### Exercise data

>>>>

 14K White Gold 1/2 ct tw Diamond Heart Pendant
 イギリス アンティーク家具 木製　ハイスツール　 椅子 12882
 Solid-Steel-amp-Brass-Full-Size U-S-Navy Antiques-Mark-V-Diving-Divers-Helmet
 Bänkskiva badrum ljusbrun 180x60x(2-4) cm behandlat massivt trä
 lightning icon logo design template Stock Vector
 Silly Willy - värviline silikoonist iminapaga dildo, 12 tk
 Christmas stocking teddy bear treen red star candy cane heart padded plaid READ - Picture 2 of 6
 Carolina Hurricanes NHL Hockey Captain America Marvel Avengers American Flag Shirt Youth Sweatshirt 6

<<<<
>>>>

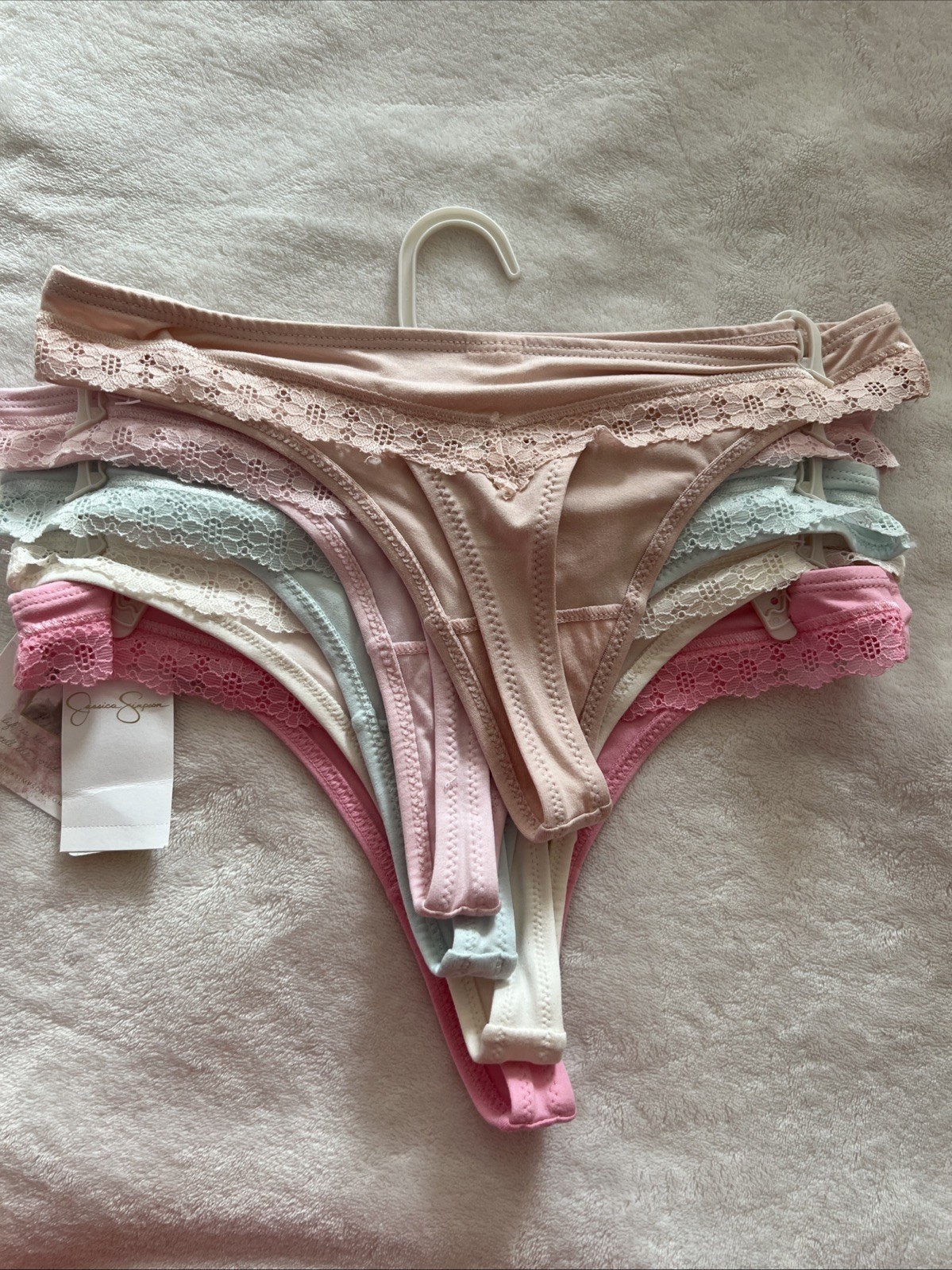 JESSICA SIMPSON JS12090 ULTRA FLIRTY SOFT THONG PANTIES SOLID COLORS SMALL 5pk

<<<<
>>>>

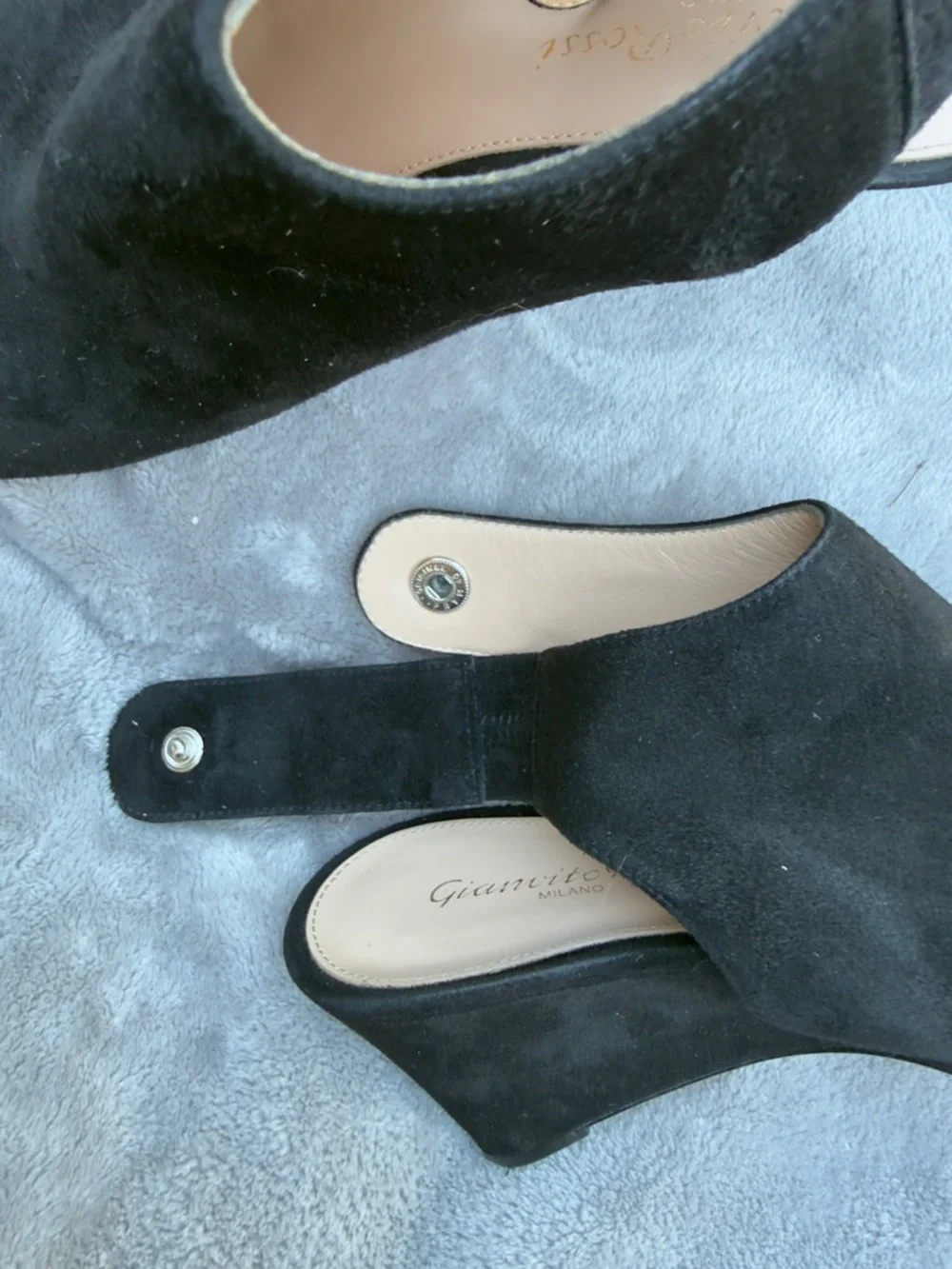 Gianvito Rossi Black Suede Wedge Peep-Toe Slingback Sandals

<<<<

Starting at the line above that contains "Bänkskiva badrum ljusbrun", write out each line exactly until the line that contains "Carolina Hurricanes NHL" has been written, and stop there.

### Task solution
 Bänkskiva badrum ljusbrun 180x60x(2-4) cm behandlat massivt trä
 lightning icon logo design template Stock Vector
 Silly Willy - värviline silikoonist iminapaga dildo, 12 tk
 Christmas stocking teddy bear treen red star candy cane heart padded plaid READ - Picture 2 of 6
 Carolina Hurricanes NHL Hockey Captain America Marvel Avengers American Flag Shirt Youth Sweatshirt 6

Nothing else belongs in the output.